Dosing ferts and CO2 etc...
Really pi55ing me off now as I cant work out whats doing it.
The UV steriliser got rid of the green water but does nothing now.
Still have diatoms everywhere and green algae under and on surface of the gravel and all over the glass in days.
WTF is going on as I thought dosing and co2 etc... would fight against algae.

All levels are spot on.

AHHHHHHHHHHHHHHHHHHHHHHHHHH help me :crazy: :crazy: :crazy: :crazy: :-( :-( :-( :grr: :grr: -_- -_- :unsure: :unsure: :no: :no: :huh: :huh: :huh: :sad: :sad: :angry: :angry: :X :S :/
 
No, i dose those different days to stop that from happening.
 
Worth a shot :)

Algae Description: Few objects are more beautiful than the minute siliceous cases of the diatomacaea...Charles Darwin

Although diatoms are commonly (and mistakenly) referred to as brown algae, their closest relatives are golden algae. The skeleton (cell walls) of a diatom is made of hydrated silica embedded in an organic matrix. Each wall is composed of two halves that fit together like a shoe box and lid. Some diatoms can move around by squirting stuff out of slits in their cell walls. There are about 10,000 known diatom species.

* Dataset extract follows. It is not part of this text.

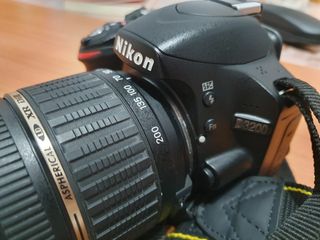 Cámara NIKON D3200 + regalo funda acolchada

The photosynthetic pigment of diatoms is brown. In the summer waters of a healthy pond, diatoms can grow to such numbers that submerged plants can have the appearance of being covered with a brown mud which the microscope reveals as a dense growth consisting entirely of diatoms.

How to Treat: The most common myth about diatoms is that they are caused by a certain light level (some say low, others high) or just old bulbs. In my experience, diatoms grow in all light levels from low to high whether the bulb is old or not. Diatoms, like all algae plagues, are invariably caused and sustained by excess nutrients in the water column. As Kevin has already pointed out, silica is the most important of these in the case of diatoms. However, removing silica, which can cost serious $$$, is not necessarily the best method for tackling diatom infestations.

IME, the two best solutions for diatom control are Otocinclus catfish or simply waiting them out. A half-dozen healthy otos will clear a medium-sized tank (~55 gallon) in a few days and keep it clean
after. Waiting the diatoms out means scraping them from tank surfaces and letting the filter and water changes remove them from the water column which removes both the diatoms and consequently silica (and other consumed nutrients) from the tank water. Eventually, the plague will peak and then fade away rather quickly. For the impatient, there are silica removal resins that will take the silica out of water, but they can be a pain and are not cost effective. Or you could use a reverse osmosis filter to remove practically all minerals from tap water, but RO can cause as many problems as it cures in some cases and it is certainly expensive both in time and money.

At least one study have shown that diatoms store phosphate in sufficient quantities to provide for 100 subsequent generations.


have you had any serious PH crashes with your co2, you might of killed you filter, that might relate to you milky bater (bacterail bloom).
 
How heavily are you planted and what plants do you have? Are your plants growing well?

What are your actual specs? Lighting, CO2 level, NO3, PO4 etc?

Diatoms are normally associated with low light. The green algae you describe sounds like it may be blue-green algae (BGA). Can you describe it in more detail? Does is come off the gravel easily? Does it appear slimey and smell?
 
Its rather heavily planted.
Plants grow really fast and pearl a lot, whats odd is they pearl crazy after a water change then slow for the rest of the week.
Lighting is 1.6WPG but I was told as its a huge tank, 660 litres that should be ok.
Im dosing dry ferts 6 days a week then a water change, 30ish% as 50% is just too much water on my tank.
Cant remeber exact stats but its
day 1 nitrate 10ppm phosphate 1-2ppm i think.
day 2 trace and (iron if needed)
day 3 nitrate again
day 4 trace and some extra K is required.
day 5 nitrate
day 6 trace
day 7 w/c

CO2 according to my little permenent tester is ok. I just refreshed it to double check the reading.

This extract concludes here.